Marius Schulz
Marius Schulz
Front End Engineer

Bundling ES2015 Modules with TypeScript and Rollup

The TypeScript compiler allows you to specify the JavaScript version to transpile your code to. As of June 2016, you can target the following language levels:

  • ES3
  • ES5
  • ES6 / ES2015

Similarly, the compiler can emit modules in various formats:

  • AMD
  • CommonJS
  • ES2015
  • System
  • UMD

Depending on the JavaScript environment you're targeting, you'd choose a specific combination of language target and module format. For instance, you could pick ES6 and CommonJS when targeting Node v6.2.2, which supports pretty much all ECMAScript 2015 features except native modules.

If you're writing a web application, you'd transpile your TypeScript down to ES5 to have your JavaScript run in all current browsers. As for the module system, a popular choice is to target the CommonJS format and then use Browserify or Webpack to bundle all modules together into a single file.

#Bundling ES2015 Modules with Rollup

In addition to Browserify and Webpack, there's a new kid on the block: Rollup, the next-generation JavaScript module bundler.

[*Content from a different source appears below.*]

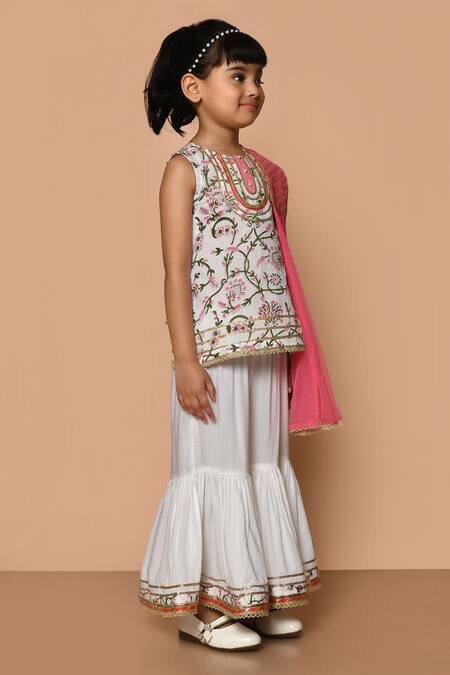 Shop_Pankhuri By Priyanka_White Modal, Cotton Embroidery, Lace, Gota Sleeveless Printed Kurta Gharara Set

Its main value proposition is tree-shaking, a process that automatically excludes unused module exports from bundles. The idea is that there's no need to include all functions of a library in the generated bundle if your application only imports a few of them.

Rollup needs to understand the entire dependency graph of your modules in order to determine which exports are being used by your application. The fully static structure of the ECMAScript 2015 module system makes it possible to analyze all imports and exports at compile-time. Check out Bundling and Tree-Shaking with Rollup and ECMAScript 2015 Modules for more details.

#Emitting ES2015 Modules and ES5 Code with tsc

To create a web application that runs in all browsers, the TypeScript compiler must target ES3 or ES5. At the same time, it needs to emit ES2015 modules so that Rollup can do its work. Up until recently, these were conflicting requirements that made the compiler complain. You could only emit ES2015 modules when targeting ES6:

Cannot compile modules into 'es2015' when targeting 'ES5' or lower

This restriction has been removed with pull request #9042, which has been merged into the master branch. The feature will be part of the upcoming TypeScript 2.0 release and is available in the nightly builds today.

#Creating a Bundle with TypeScript and Rollup

Let's take look at an example. Here's a simple math module that exports two functions using the exponentiation operator standardized in ECMAScript 2016:

// math.ts
export function square(x: number) {
  return x ** 2;
}

export function cube(x: number) {
  return x ** 3;
}

The square function is then imported in the main module:

// main.ts
import { square } from "./math";

console.log(square(3));

I'm using a nightly build of the TypeScript compiler with the following options in the tsconfig.json:

{
  "compilerOptions": {
    "target": "es5",
    "module": "es2015"
  }
}

Here's the math.js file with all traces of TypeScript removed. Except for the export keyword, it's valid ES5 code:

// math.js
export function square(x) {
  return Math.pow(x, 2);
}
export function cube(x) {
  return Math.pow(x, 3);
}

Except for a missing blank line, the main.js is no different from the original TypeScript file:

// main.js
import { square } from "./math";
console.log(square(3));

If we now run the rollup main.js command, we get the following bundle:

function square(x) {
  return Math.pow(x, 2);
}

console.log(square(3));

Notice what just happened: Rollup determined that the exported cube function is never used, so it's not part of the bundle. Also, all import and export keywords are gone because all dependencies have been inlined in the correct order.

And there it is, the entire application in a single file containing only ES5 code. No TypeScript, no ECMAScript 2015 modules!